In this guide, we’ll explain what soft and hard forks are, how they differ, what examples of important Bitcoin forks are, and whether they have been successful.  

What Is a Soft Fork?

A soft fork is a backward-compatible upgrade to a blockchain protocol. This allows for the introduction of updates while keeping the main rules of the original chain unchanged

Soft forks can help scale a blockchain, make it safer, or introduce other upgrades that improve the network one way or another. As soft forks are backward-compatible, blockchain node runners can still use the previous version of the protocol and be able to participate in the network. 

However, if they want to use all the benefits of new features, node owners would need to upgrade their node software. 
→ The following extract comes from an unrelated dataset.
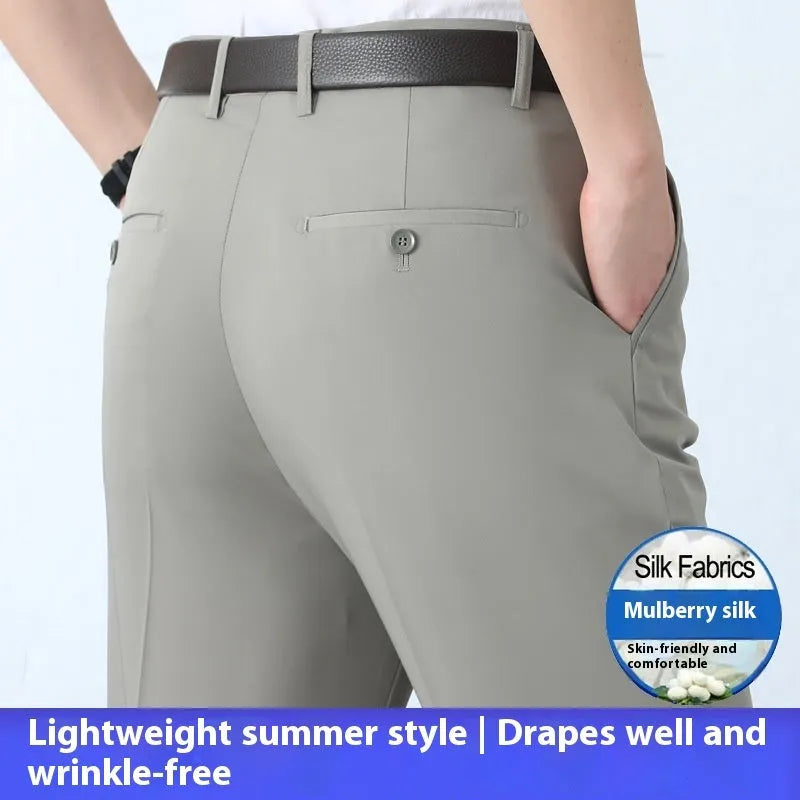 Men's straight-leg business trousers with high waist in mulberry silk fabric available in dark blue, black, and khaki colours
Important Bitcoin upgrades such as SegWit (Segregated Witness) and Taproot were introduced as soft forks, helping the network scale, making it more private, or enabling innovations on this blockchain, such as the Lightning Network and Ordinals. In either case, older Bitcoin nodes are still able to participate in the network by following pre-soft fork protocol rules. 

What Is a Hard Fork? 

A hard fork is an upgrade to a blockchain protocol that fundamentally changes the network as a new chain is created.

Hard forks are used to create a new version of the original blockchain. It can be done for two main reasons: to introduce a fundamental change to the protocol or to create a competing chain. 

In the former case, the original chain usually stops being updated and all the activity moves to the new one. In case a hard fork is attempting to create a competing chain, both chains can grow separately, allowing the market to decide which is better. 

Via hard forks, a new token can be introduced, consensus rules might be changed, or a user might decide to backroll transactions on the original chain. 

Bitcoin saw multiple hard forks as various teams attempted to create “a better version of Bitcoin,” forking the Bitcoin blockchain and introducing changes to the protocol. 

The most prominent example is the Bitcoin Cash (BCH) hard fork in 2017, which introduced 32 MB blocks on this chain (Bitcoin’s block size now is effectively 4 MB). Another example was the Ethereum (ETH) hard fork in 2016, which was implemented to return stolen funds after the DAO hack. 

How Do Soft Forks and Hard Forks in Blockchain Work?

Soft and hard forks have a similar approach. 

In both cases, a change in the protocol is proposed, carefully discussed, and later voted upon. If the vote passes, the fork is scheduled at a particular block height. This is known as the split block, after which the changes come into effect.  

The difference, however, is in the implementation of these upgrades. 

In the case of Bitcoin, soft forks require a majority of the network's miners to agree to the change. Node runners can enable the change if there is a majority agreement. Because soft forks are backward compatible, there are no issues verifying transactions. 

Hard forks, on the other hand, need all node runners and a majority of the miners to agree to the change and execute the chain split. 

Hard forks create an entirely new version of the original blockchain, sometimes with a new token and different protocol or consensus rules. On the other hand, soft forks are more like upgrades to the existing infrastructure. 

Hard Fork vs. Soft Fork: What’s the Difference? 

There are several key differences between soft and hard forks: 

In addition to technical risks, hard forks can introduce a risk of division within the blockchain’s community if the implemented change is controversial. Moreover, every node in the network must agree to the new protocol changes – one node runner not agreeing to the change can further delay the upgrade. 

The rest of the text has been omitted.